The following is a quote from Rev. Lane Keister's review of Michael Williams's book, "Far as the Curse is Found" at his "Green Baggins" blog:A Book Review of Michael Williams’s Book “Far As the Curse Is Found” « Green Baggins 



> Secondly, he is firmly monocovenantal. Here are some quotations: “But the human story from creation to new creation does change, and that affects how God administers his creation covenant” (p. 46), “We may view covenant history not as a series of disconnected installments but as a single line. Each new covenant presupposes and renews what went before. Specifically, God’s redemptive acts to not oppose or deny his creative intent, but come as restorative promises in relation to creation,” (p. 51), “Yahweh enters a covenantal relationship with his creation and with his people. He sovereignly initiates that relationship, choosing and binding himself to the recipients of his steadfast love. The relationship in no way depends on the prior performance of the chosen; it is, from the outset, wholly gracious…The covenant of creation thus provides for newly constituted Israel what it affords God’s people in every age: a full-bodied way of life that we are called to live before God and in the midst of the world” (p. 62), “Both before and after the fall, man was related to God in virtue of God’s grace” (p. 73), “We have so far considered the climactic and defining moment of the marriage (the resurrection), the story of how the couple first met and became involved (creation), how the hero saved the heroine (the flood, the exodus), and what they promised to each other in their wedding vows (the covenant words)” (p. 170). I would especially draw people’s attention to the quotation from page 73, for on page 74, Williams goes on to deny the substance of the covenant of works. He says, “Thus before the Adamic fall the terms of the covenant were addressed to man as creature. After the fall the covenant (note: the same covenant! LK) addresses man not only as creature but also as sinner in need of redemption…As both grace and law (love and holiness) are essential to God’s character, so the two are inexorably bound together and interdependent within the covenant…Legal obligation is not the precondition for life and relationship.”
> 
> We must be careful here. The Westminster Confession of Faith clearly advocates some aspect of God’s favor to man before the Fall, as the precondition for any kind of relationship.

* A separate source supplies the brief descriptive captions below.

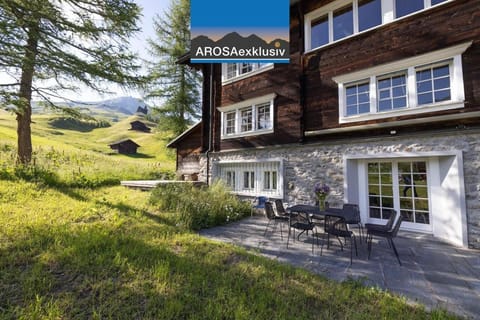 Property building, Spring, Day, Garden, Garden view, Mountain view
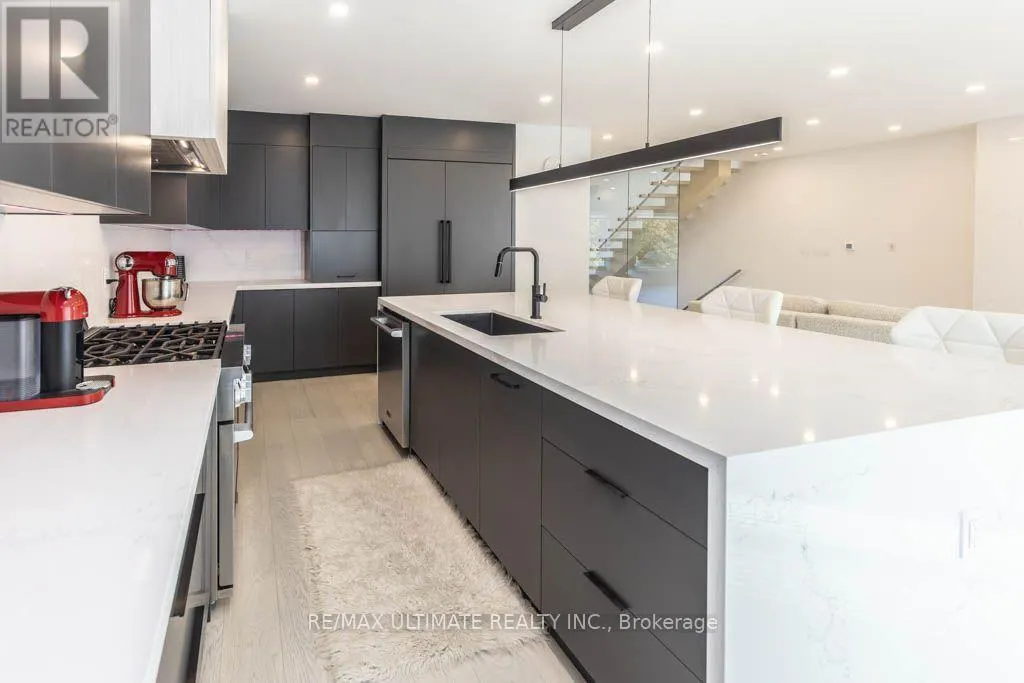 33 FLINDON ROAD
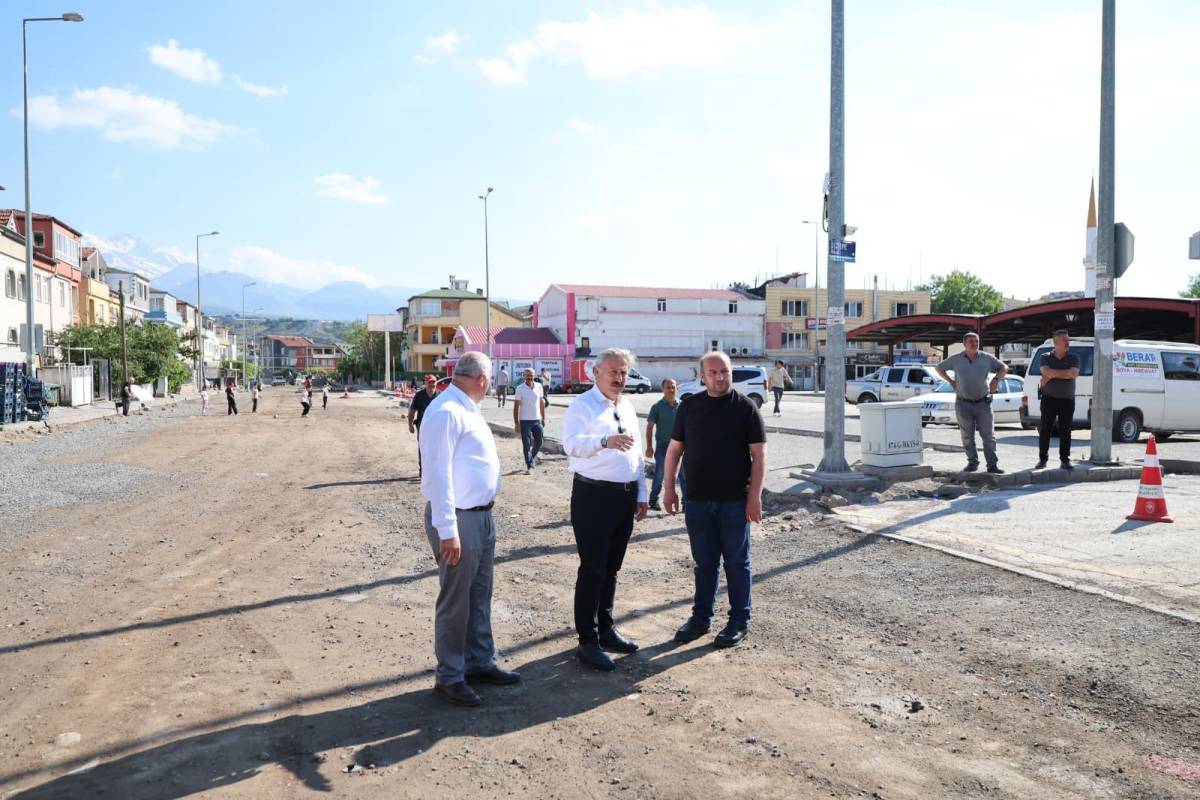 MELİKGAZİ BELEDİYESİ’NDEN ASFALT ATAĞI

However, the question that needs to be asked is this: on what basis would Adam have had eternal life? The question is not whether there were any aspects of non-legal relationship between God and man. Most of the Reformed world has agreed that there are. The question is much more narrow than this, and refers entirely to the basis upon which Adam would have obtained eternal life. Was it by grace or by works? Williams says that Adam already had life (p. 72): “What I am suggesting here is that life in covenant relationship with God was something that Adam enjoyed by God’s grace. He possessed it as a gift. He could lose that gift by the misapplication of his responsible freedom, his disobedience, but he could not earn or merit it.” In other words, life was not promised to Adam; rather, he already had it. This raises several serious questions: if Adam already had it, then we cannot call it eternal life, can we? If we cannot call it eternal life, then God put Adam in a catch 22 situation, for Adam could not have gotten out of a state that had the perpetual danger of losing what he had. There was no way for him to progress beyond this state. None whatever. Williams rejects any and all aspects of a “merit-based” covenantal arrangement: “it is dangerously misleading to describe Adam’s relationship as merit-based” (p. 72). *Of course, this begs the question of what kind of merit we are talking about: Williams never defines it. But it would seem that any kind of works that would be the basis for obtaining eternal life is rejected by his formulation, whether it is condign, congruent, or pactum merit. Hence, the covenant of works is rejected by Williams in all its essential aspects*: there is nothing beyond his current state for Adam to obtain, and there is no way for him to obtain anything beyond his current state.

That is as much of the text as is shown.